CYBERBULLYING cannot be beaten by logging off a computer and students need more help so they can learn to become more resilient and ignore it.
The message is just part of the advice that Dr Michael Carr-Gregg, a child and adolescent psychologist and chairman of the National Centre Against Bullying, will offer today during a visit to Macquarie College in Glendale.
Dr Carr-Gregg said bullying and cyberbullying exacerbated mental health issues suffered by youth including depression, anxiety, self-harm and substance abuse: ‘‘The gun is already loaded and bullying and cyberbullying simply pulls the trigger.’’
With research showing one in 10 students become victims of cyberbulling, Dr Carr-Gregg will advise students in Years 10, 11 and 12 at Macquarie College on how they can use strategies to better protect themselves on the internet, but also how they can be more resilient in life and learn to put things in perspective.
‘‘Probably the most important thing I will say is that if you can’t change something you can always change how you think about it and there are huge benefits in having flexible thinking,’’ he said.
‘‘So if you are bullied it’s much more healthy to see it as a product of nothing to do with you but much more about the insecurities of the people doing it to you.’’

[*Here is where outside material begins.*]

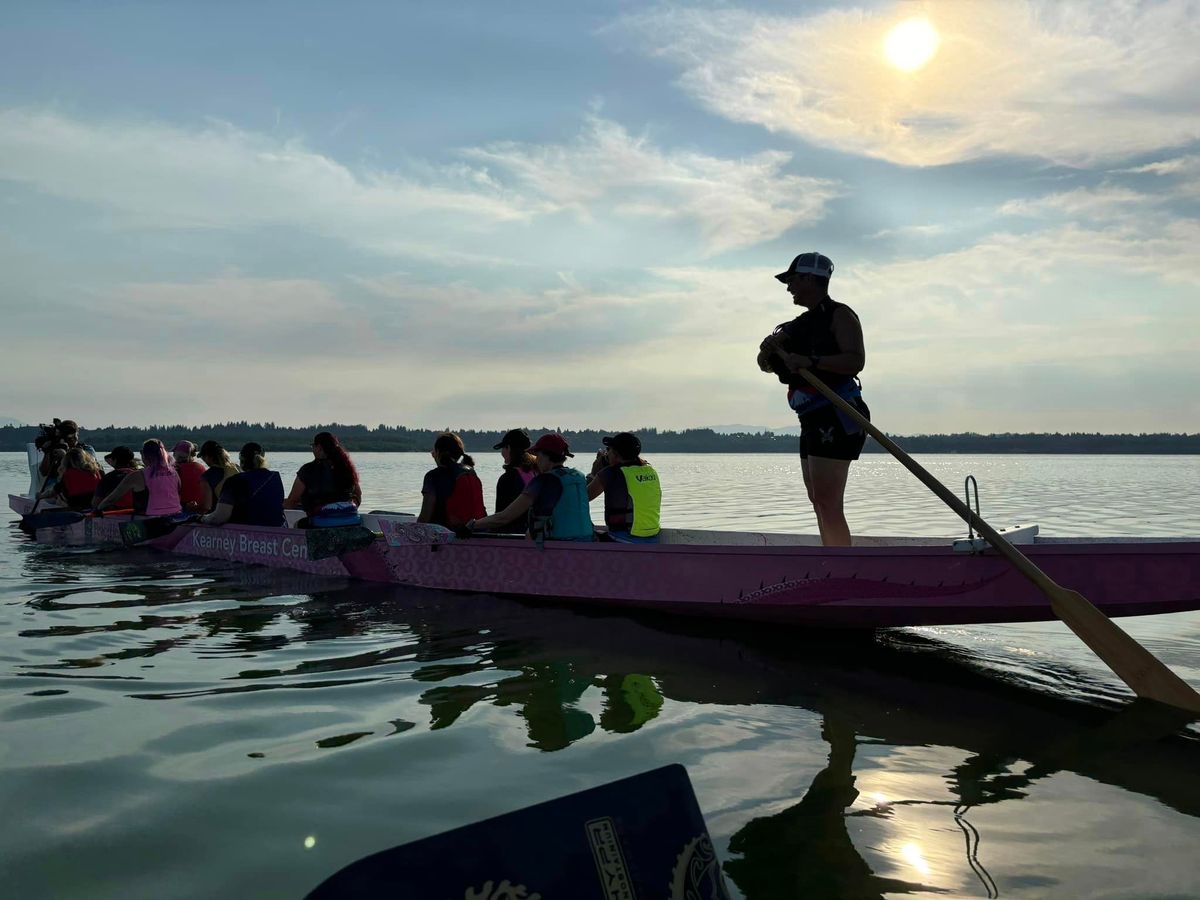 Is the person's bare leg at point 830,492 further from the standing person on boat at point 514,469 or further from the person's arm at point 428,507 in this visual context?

Dr Carr-Gregg will also discuss cyberbullying policies with staff and meet students’ parents to encourage them to play a greater role in supervising their children’s access to the computer and mobile phone and watch for tell-tale signs that their child is being bullied online. He has also mooted the introduction of a ‘‘digital driver’s licence’’ which would require students to pass an online exam of appropriate computer use before they were allowed to take tablets or mobile phones into the playground.
‘‘Not being connected [to the internet] is simply not an option therefore we have to make sure these children have the knowledge and strategies to use the net in a safe, smart and responsible way,’’ Dr Carr-Gregg said.
College principal Dr Bruce Youlden said Dr Carr-Gregg’s visit was part of the school’s educational forum and designed to help students, staff and parents navigate through ‘‘a pretty challenging environment’’.